Fin 2021, Emmaüs France et le Secours catholique publiaient un rapport qui dénonçait la « criminalisation de la pauvreté ». En quoi nos prisons sont-elles le symptôme d’une politique pénale ?
Ce que montrait ce rapport, c’est que la prison fonctionne à la fois comme sanction de la pauvreté, source de paupérisation et entrave à la réinsertion. À l’OIP, on pense qu’il est important de rappeler que personne n’est à l’abri de commettre un acte de délinquance et peut se retrouver un jour en prison. Pour autant, les populations qui ont eu un parcours de vie marqué par la précarité et la violence ont effectivement davantage de probabilité d’être incarcérées. Plusieurs raisons l’expliquent. Les délits commis par les personnes issues de classes défavorisées, comme les infractions aux biens, sont plus durement sanctionnés. De plus, les inégalités sont cumulatives. En prison, 10 % des personnes détenues sont en situation d’illettrisme. On note enfin une surreprésentation des personnes ayant des addictions et des problèmes psychiatriques.
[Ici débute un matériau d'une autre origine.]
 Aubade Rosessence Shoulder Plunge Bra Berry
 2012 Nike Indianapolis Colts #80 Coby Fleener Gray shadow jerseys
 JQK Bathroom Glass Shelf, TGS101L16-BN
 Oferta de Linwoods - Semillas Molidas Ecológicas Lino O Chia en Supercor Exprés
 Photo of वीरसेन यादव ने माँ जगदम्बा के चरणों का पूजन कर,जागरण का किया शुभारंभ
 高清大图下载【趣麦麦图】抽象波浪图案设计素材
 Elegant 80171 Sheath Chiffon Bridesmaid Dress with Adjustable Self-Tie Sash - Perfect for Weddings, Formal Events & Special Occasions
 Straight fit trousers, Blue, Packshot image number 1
« La prison fonctionne comme sanction de la pauvreté »
D’une certaine manière, la prison est perçue comme l’opportunité de bannir certaines personnes de la société pendant un temps. Mais c’est faire preuve de déni, car il va falloir les réintégrer à leur sortie, et on aura très probablement aggravé la situation parce que la peine de prison est une peine de rupture sociale. Les difficultés d’insertion socioprofessionnelle sont accrues par un séjour en détention : perte d’emploi, accès à l’emploi plus difficile, interruption des minima sociaux, perte de logement… Aujourd’hui encore, la sortie de prison est un impensé des politiques pénales et pénitentiaires.
Plusieurs instances (dont l’OIP) et la contrôleuse générale des lieux de privation de liberté (CGLPL) militent pour l’introduction d’un mécanisme de régulation carcérale. En quoi consiste-t-il ?
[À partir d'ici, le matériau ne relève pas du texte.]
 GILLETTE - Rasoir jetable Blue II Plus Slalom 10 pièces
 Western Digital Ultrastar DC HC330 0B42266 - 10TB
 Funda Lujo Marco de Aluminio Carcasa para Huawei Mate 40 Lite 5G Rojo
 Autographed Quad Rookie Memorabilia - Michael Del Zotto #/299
La régulation carcérale est un mécanisme qui vise à maintenir les établissements pénitentiaires sous une densité carcérale de 100 %. Il s’agit d’un mécanisme qui joue sur le nombre de sorties, pas sur les entrées. La régulation carcérale a notamment été défendue par les députées Caroline Abadie (Renaissance) et Elsa Faucillon (Nupes) dans leur rapport sur « les alternatives à la détention » en juillet 2023. Trois formes de régulation ont été identifiées : la libération prise par voie d’ordonnance par le gouvernement, la libération par « conventionnement entre autorité judiciaire et administration pénitentiaire », et des libérations sous contrainte prises de façon quasi automatique. Pour l’OIP, ce mécanisme doit absolument être contraignant pour être efficace et pensé au niveau national. Surtout, nous le préconisons en tant que mesure d’urgence, étant donnée la situation dans laquelle se trouvent les prisons françaises, pour susciter un électrochoc, mais cela ne doit absolument pas dispenser d’un véritable changement de paradigme sur le sens de la prison, et d’actions à mener sur les causes de la surpopulation.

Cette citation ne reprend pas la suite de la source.